TASK TO COMPLETE:
The response must consist of the lines below from the one with "hombre tomando agua" through the one with "Customer photo review", exactly as they appear and with both ends kept.

RECORDS SUPPLIED:
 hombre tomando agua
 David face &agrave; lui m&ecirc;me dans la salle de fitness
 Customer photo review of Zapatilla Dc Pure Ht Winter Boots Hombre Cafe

---

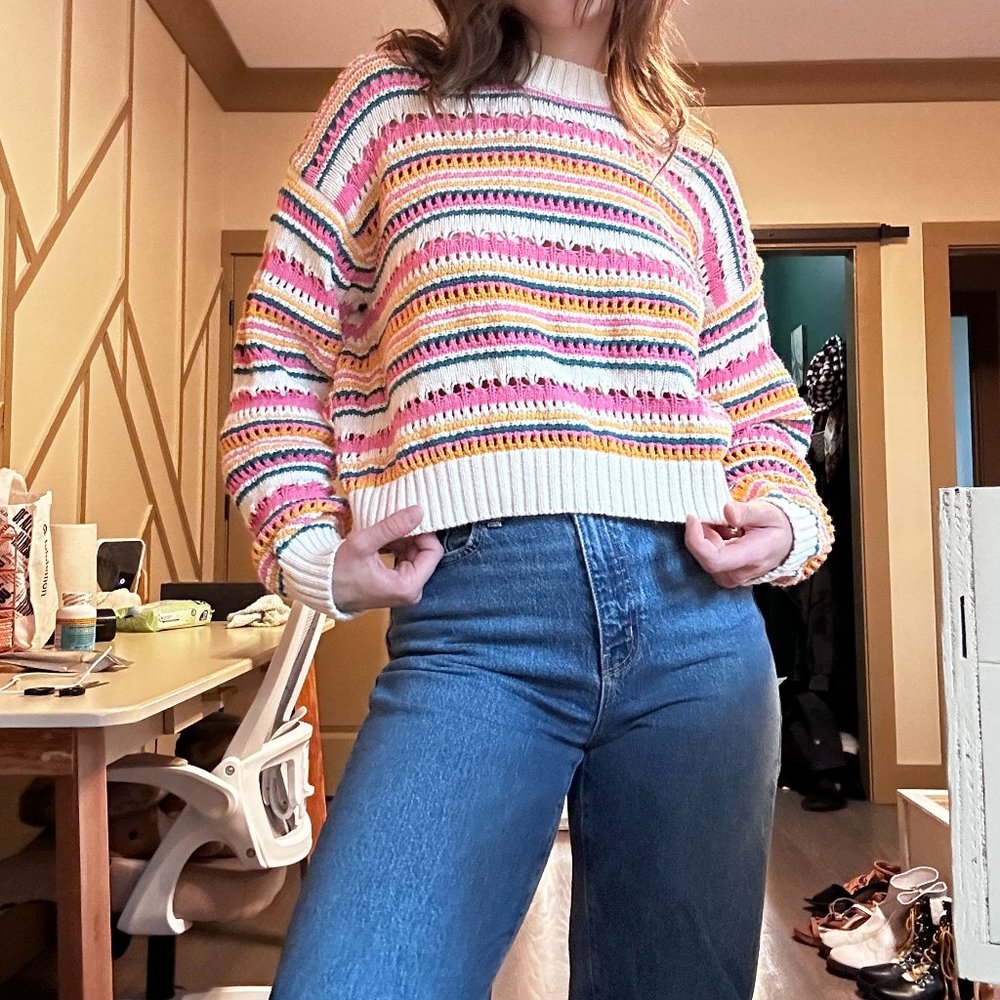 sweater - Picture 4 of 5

OUTPUT OF THE EXERCISE:
 hombre tomando agua
 David face &agrave; lui m&ecirc;me dans la salle de fitness
 Customer photo review of Zapatilla Dc Pure Ht Winter Boots Hombre Cafe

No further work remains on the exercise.